In particle Physics it's usual to write the physical content of a Theory in adjoint representations of the Gauge group. For example:

$24\rightarrow (8,1)_0\oplus (1,3)_0\oplus (1,1)_0\oplus (3,2)_{-\frac{5}{6}}\oplus (\bar{3},2)_{\frac{5}{6}}$ (Source: SU(5) GUT Wikipedia article)

While I do understand the Basics in representation theory from a mathematical viewpoint, as well as Gauge Theory (up to this point), I've been looking High and Low for some good article on how to understand what the above formula means physically?

Specifically I don't understand the following:

• I'm having a bit of a problem with the notation. $(1,1)$ denotes the tensor product of a 1 and 1 of $SU(3) \times SU(2)$ in this case, does the subscript $()_0$ belong to the $U(1)$ part? Or did I completely misunderstand something?
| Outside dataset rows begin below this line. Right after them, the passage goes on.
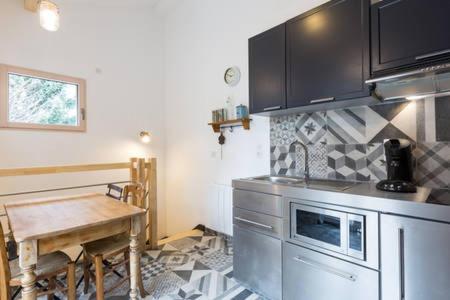 Trankil' Appart Lägenhet Sévrier Exteriör bild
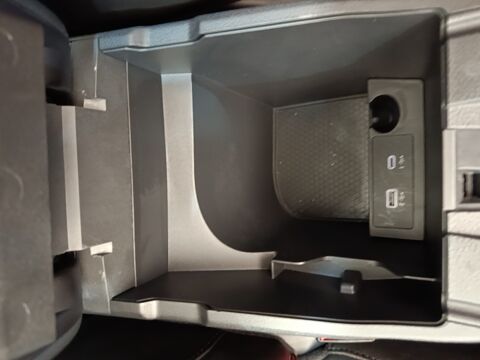Qashqai 1.3 MHEV 158ch Xtronic Tekna 2022 occasion 91580 &Eacute;tr&eacute;chy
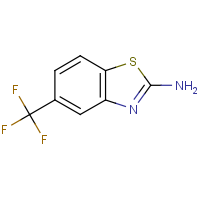 CAS:60388-38-7 | PC421147 | 5-(Trifluoromethyl)benzo[d]thiazol-2-amine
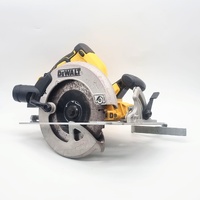 DeWalt DCS570 18V XR 184mm Cordless Brushless Circular Saw Skin Only
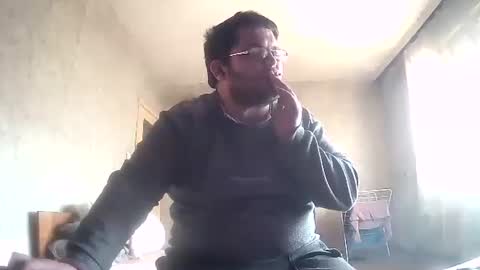 Snapshot of stefan90pt chatting on 01.18.25 Stefan online show from 01.18.25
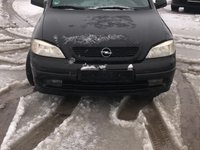 Armatura bara spate Opel Astra G 2002 hatchback 1.6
• How to arrive at the above transformation? How to choose the right hand side of the 24 transformation, it seems random to me

• The physical content. $(8,1)_0$ looks to me like gluons, because of the 8, $(1,3)_0$ like W and Z bosons and $(1,1)_0$ like the photon. But these are all guesses I made according to the numbers I see and the fact that the SM should arise from $SU(5)$ breaking. How would one know this? And what are the other 2 components?

Any reference is also greatly appreciated, especially one that focuses on precisely this.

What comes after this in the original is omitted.